Privately -issued securities require the same sound investment policies and practices as other investments. In brief, the board of directors should:
- Diversify investments by type, maturity and degree of risk.
- Follow investment strategy that includes an asset-liability and a rate sensitivity analysis.
- Deal with established, financially sound and reputable broker/dealers.
- Determine that proper safekeeping of securities is maintained.

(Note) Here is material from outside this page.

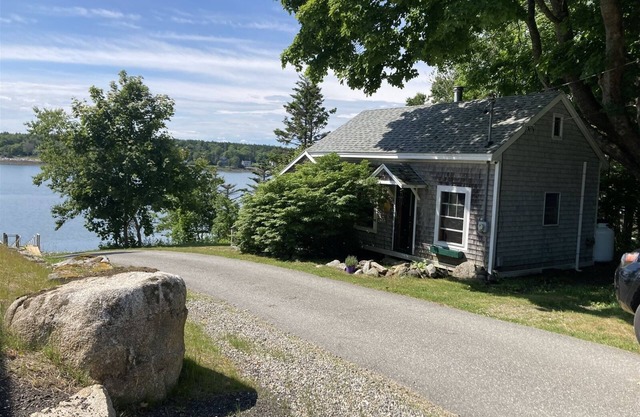 LOBSTER TRAP COTTAGE - Town of South Thomaston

- Monitor investments continually, review management performance, and determine compliance with policy. In Letter No. 89, the NCUA Board gave specific guidance to credit unions who choose to actively trade in the securities market. There are many mortgage-backed securities such as FNMA Strips, Splits, Pos and Ios that are extremely volatile as interest rates change. While these investments may be legal, their volatility makes them inappropriate for most credit union investment strategies. Extreme caution is urged. If the market characteristics of the instrument, whether privately- or government-issued, make it extremely volatile, then it will be considered a trading account and is subject to the requirements and restrictions of NCUA Letter No. 89 to Federally-Insured Credit Unions, dated April 3, 1987.
Enclosed is an Appendix which provides general information about mortgage-related securities. The key to successful investing remains common sense and sound investment policies.